Cette initiative s'inscrit dans le cadre du programme ISC-hub, porté par l'Université Félix Houphouët-Boigny de Cocody (UFHB) avec le soutien financier de la Fondation Gates. En Côte d'Ivoire, l'exécution est assurée par le Centre Suisse de Recherches Scientifiques de Côte d'Ivoire (CSRS). Le programme est également déployé au Sénégal, au Burkina Faso et au Cameroun.
La phase expérimentale en Côte d'Ivoire a produit des résultats remarquables. Le Docteur Ekra, chercheur spécialisé en agriculture durable, a indiqué que l'utilisation des boues de vidange traitées comme amendement organique pour la culture du concombre a démontré une efficacité impressionnante. Les plants ayant bénéficié de ces boues ont présenté un rendement quatre à cinq fois supérieur à celui du groupe témoin non traité. Il a souligné que les concentrations détectées demeuraient largement inférieures aux normes internationales établies par la FAO et d'autres organismes de référence, garantissant ainsi la sécurité sanitaire de l'engrais.
Pour l'écologiste Docteur Abdoulaye Fall, le recours aux boues de vidange constitue une alternative durable aux engrais chimiques, dont la fabrication et l'usage sont générateurs d'importantes émissions de gaz à effet de serre.
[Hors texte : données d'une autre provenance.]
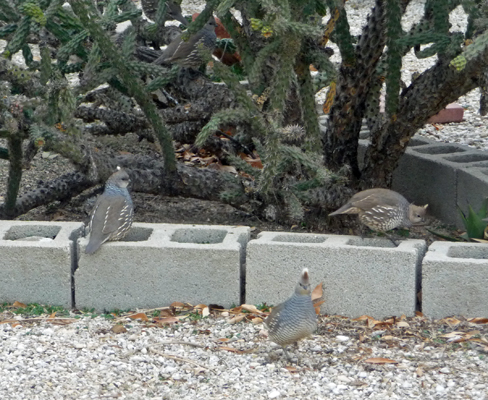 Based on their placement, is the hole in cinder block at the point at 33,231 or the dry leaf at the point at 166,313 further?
the hole in cinder block at the point at 33,231

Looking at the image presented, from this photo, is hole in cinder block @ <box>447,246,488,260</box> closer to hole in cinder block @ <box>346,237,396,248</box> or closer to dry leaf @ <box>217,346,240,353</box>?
hole in cinder block @ <box>346,237,396,248</box>

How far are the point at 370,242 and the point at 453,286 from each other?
612mm

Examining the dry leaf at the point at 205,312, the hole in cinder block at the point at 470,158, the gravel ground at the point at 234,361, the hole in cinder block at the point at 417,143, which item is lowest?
the gravel ground at the point at 234,361

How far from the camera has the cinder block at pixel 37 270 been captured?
4.76 metres

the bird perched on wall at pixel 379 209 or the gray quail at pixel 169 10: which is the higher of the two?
the gray quail at pixel 169 10

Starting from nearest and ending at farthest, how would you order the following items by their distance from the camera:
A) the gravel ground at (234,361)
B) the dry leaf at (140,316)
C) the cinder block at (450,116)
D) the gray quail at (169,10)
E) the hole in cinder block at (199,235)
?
the gravel ground at (234,361) → the dry leaf at (140,316) → the hole in cinder block at (199,235) → the gray quail at (169,10) → the cinder block at (450,116)

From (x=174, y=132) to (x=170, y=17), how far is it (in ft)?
3.65

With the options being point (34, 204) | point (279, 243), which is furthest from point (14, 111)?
point (279, 243)

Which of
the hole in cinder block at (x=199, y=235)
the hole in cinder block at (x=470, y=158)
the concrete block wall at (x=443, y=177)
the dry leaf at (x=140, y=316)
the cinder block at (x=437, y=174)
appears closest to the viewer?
the dry leaf at (x=140, y=316)

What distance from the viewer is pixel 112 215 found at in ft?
15.9

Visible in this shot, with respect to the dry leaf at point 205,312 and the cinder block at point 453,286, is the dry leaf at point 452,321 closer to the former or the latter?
the cinder block at point 453,286

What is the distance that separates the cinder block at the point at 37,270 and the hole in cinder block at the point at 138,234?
428 millimetres

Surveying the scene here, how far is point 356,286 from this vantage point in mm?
4633

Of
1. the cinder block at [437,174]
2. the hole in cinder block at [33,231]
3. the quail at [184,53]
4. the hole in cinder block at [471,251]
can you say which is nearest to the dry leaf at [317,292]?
the hole in cinder block at [471,251] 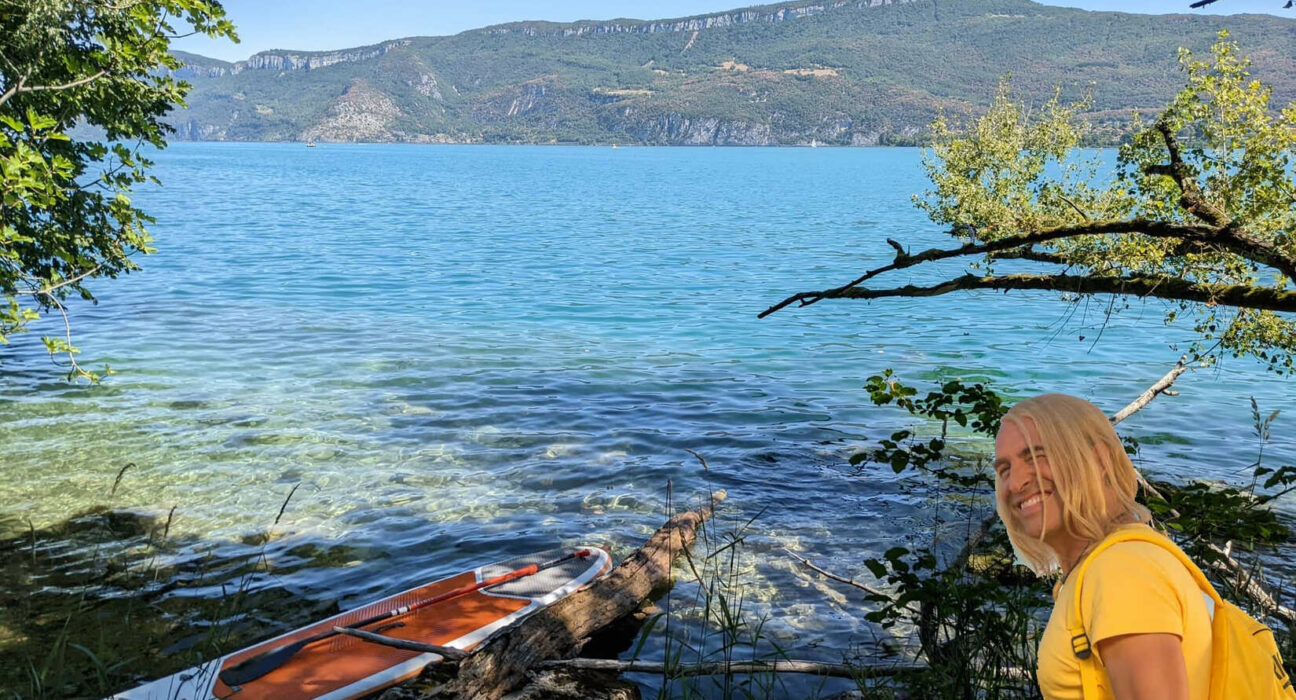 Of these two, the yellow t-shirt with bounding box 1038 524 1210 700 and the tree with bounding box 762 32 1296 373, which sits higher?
the tree with bounding box 762 32 1296 373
Il a insisté sur le fait que l'utilisation des boues de vidange est une stratégie innovante de lutte contre les changements climatiques et de promotion du développement durable. L'enrichissement des sols en matière organique grâce à ces boues favorise par ailleurs la séquestration du carbone, contribuant activement à l'atténuation des changements climatiques.
Lors de l'atelier de restitution du projet, le bilan a été jugé unanimement positif. Le directeur de cabinet du ministre ivoirien de l'Hydraulique, de l'Assainissement et de la Salubrité, Diomandé Drissa, a salué ces résultats qui « rendent l'invisible visible » et mettent en lumière le potentiel souvent méconnu du secteur de l'assainissement. Le programme ISC-hub a d'ailleurs largement dépassé ses objectifs initiaux, formant 110 professionnels grâce à l'élaboration de 48 modules de formation, et mettant l'accent sur l'inclusion et l'autonomisation des femmes.
Le Docteur Dao Daouda, directeur adjoint du CSRS, a tracé les prochaines étapes, notamment l'appropriation du projet par les mairies, les agriculteurs et le secteur de la formation. Pour assurer la pérennité de l'action, la création d'un Master et de modules certifiants est envisagée. De son côté, la Banque Africaine de Développement (BAD) a réaffirmé son soutien, se disant ouverte à accompagner la promotion des investissements pour l'amplification du projet. Les défis à venir incluent la prise en compte de l'impact du climat sur l'assainissement et la nécessité cruciale de collecter des données fiables.